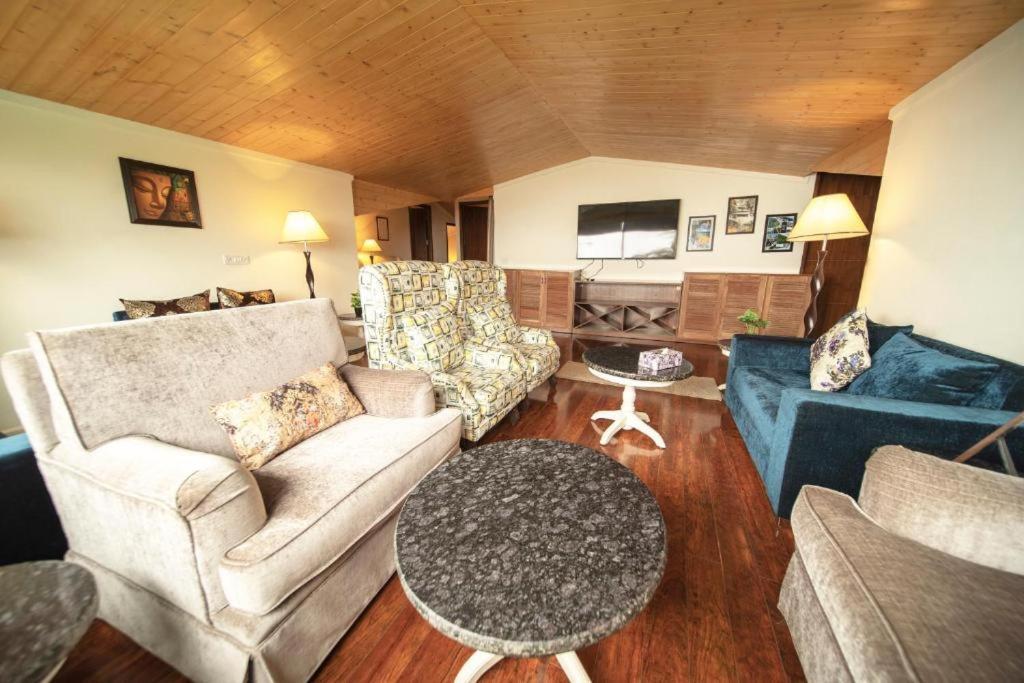 Homestay In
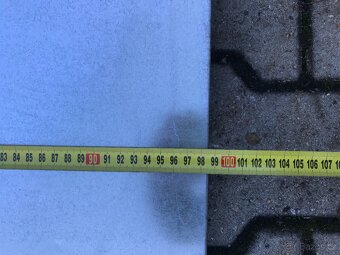 Police pro kovový bezšroubový policový regál DEXION HI280 - 3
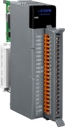 8-channel PWM Output And 8-Channel isolated DI Module (Gray Cover) (RoHS), extension module, PLC, RS-485, DCON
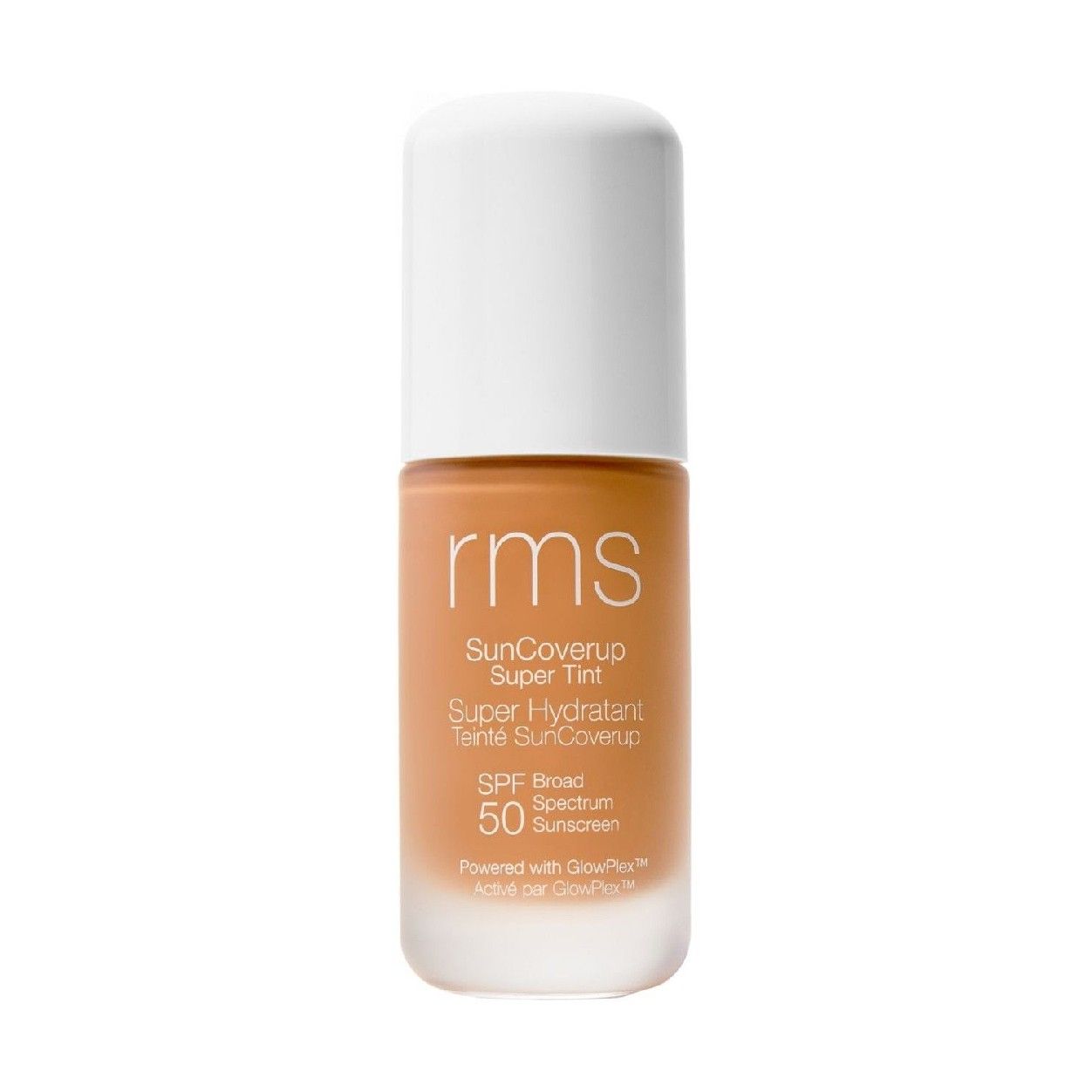 RMS Beauty SunCoverup Super Tint Broad Spectrum Sunscreen SPF 50 variant: Honey main image
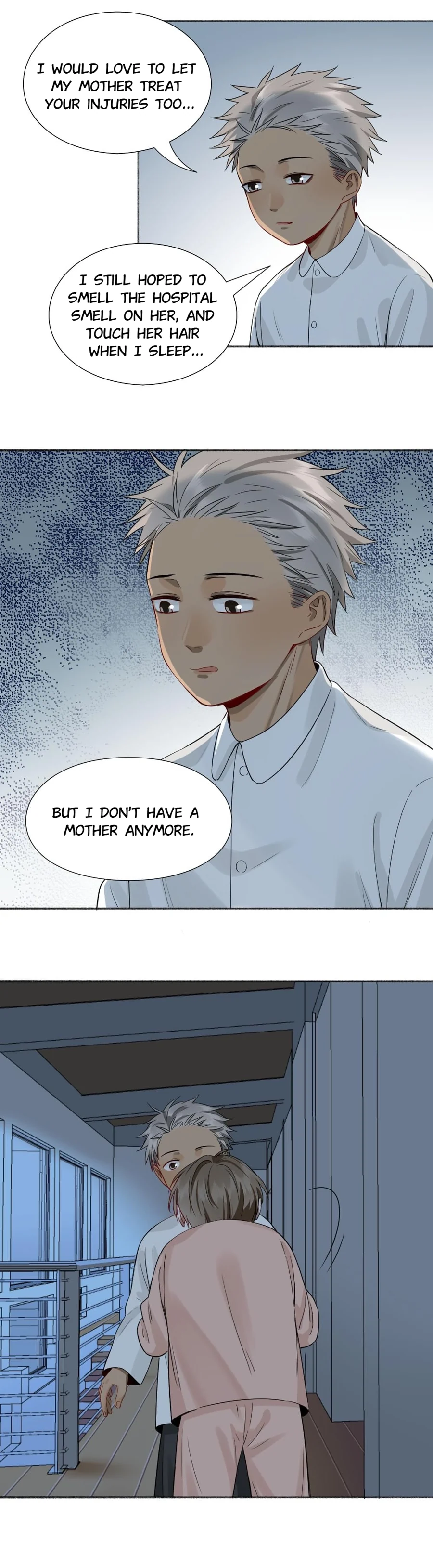Aiming at You Chapter 40 page 10 - 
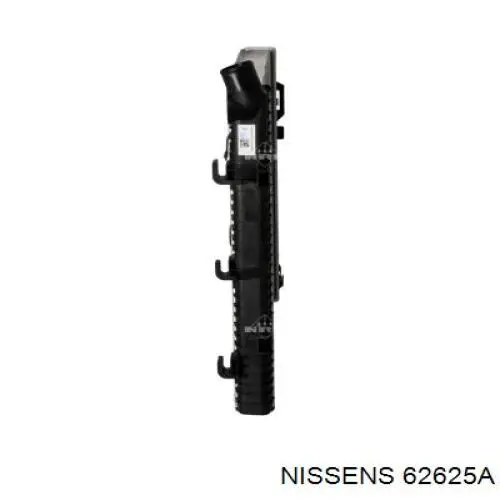 62625A Nissens radiador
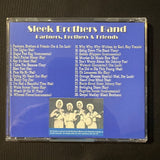 CD Sleek Brothers Band 'Partners Brothers Friends' (2015) Ohio country bluegrass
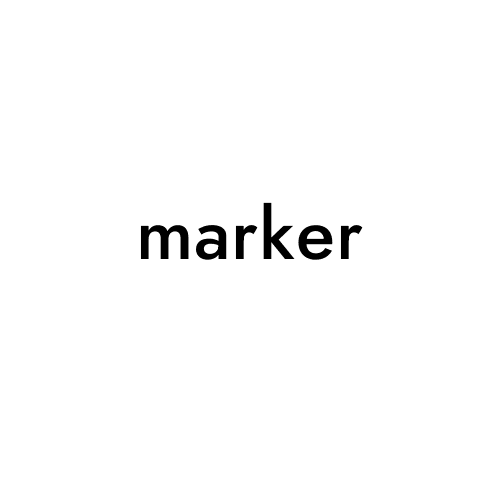marker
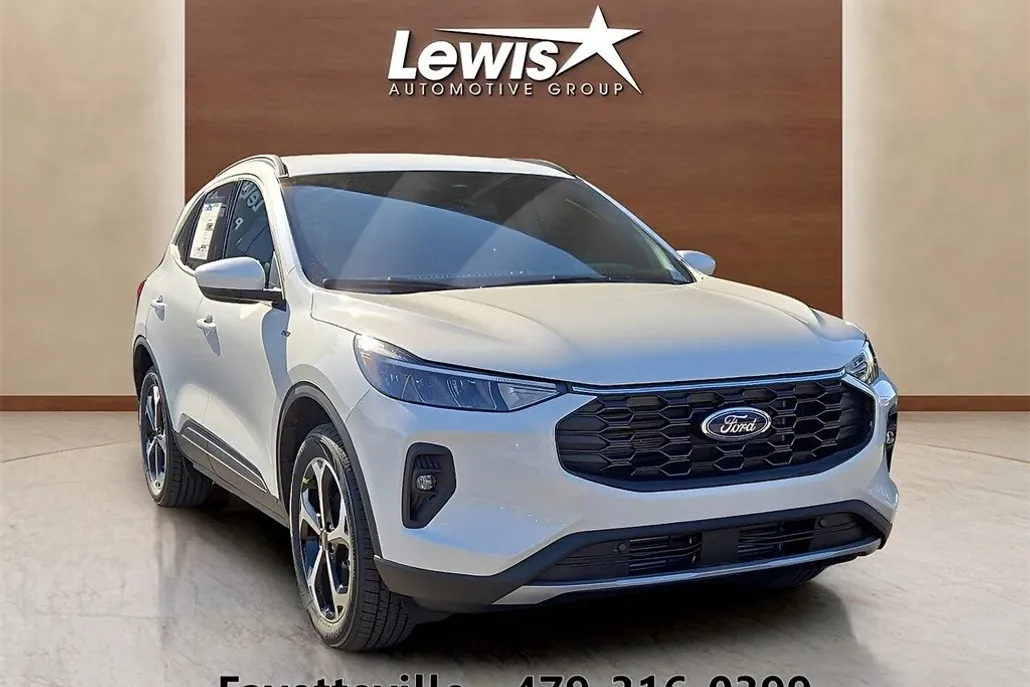 2025 Ford Escape Hybrid ST-Line Select photo 1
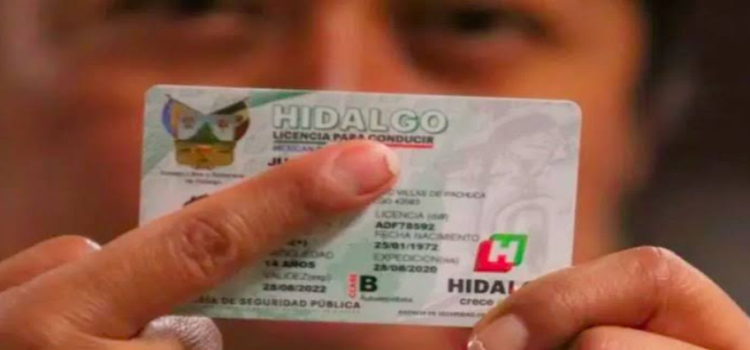 Conoce los módulos para tramitar tu licencia de conducir en Hidalgo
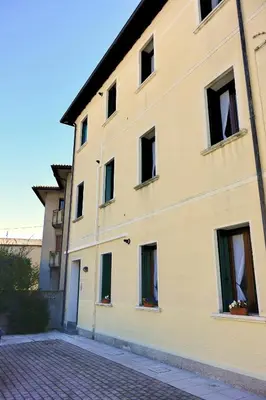 Edificio in cui si trova l'appartamento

• • • •

ABOUT THIS TASK ▸ With the pictures removed, return each record above exactly as given.

SOLUTION TO THIS TASK ▸
 Homestay In
 Police pro kovový bezšroubový policový regál DEXION HI280 - 3
 8-channel PWM Output And 8-Channel isolated DI Module (Gray Cover) (RoHS), extension module, PLC, RS-485, DCON
 RMS Beauty SunCoverup Super Tint Broad Spectrum Sunscreen SPF 50 variant: Honey main image
Aiming at You Chapter 40 page 10 - 
 62625A Nissens radiador
 CD Sleek Brothers Band 'Partners Brothers Friends' (2015) Ohio country bluegrass
marker
 2025 Ford Escape Hybrid ST-Line Select photo 1
 Conoce los módulos para tramitar tu licencia de conducir en Hidalgo
 Edificio in cui si trova l'appartamento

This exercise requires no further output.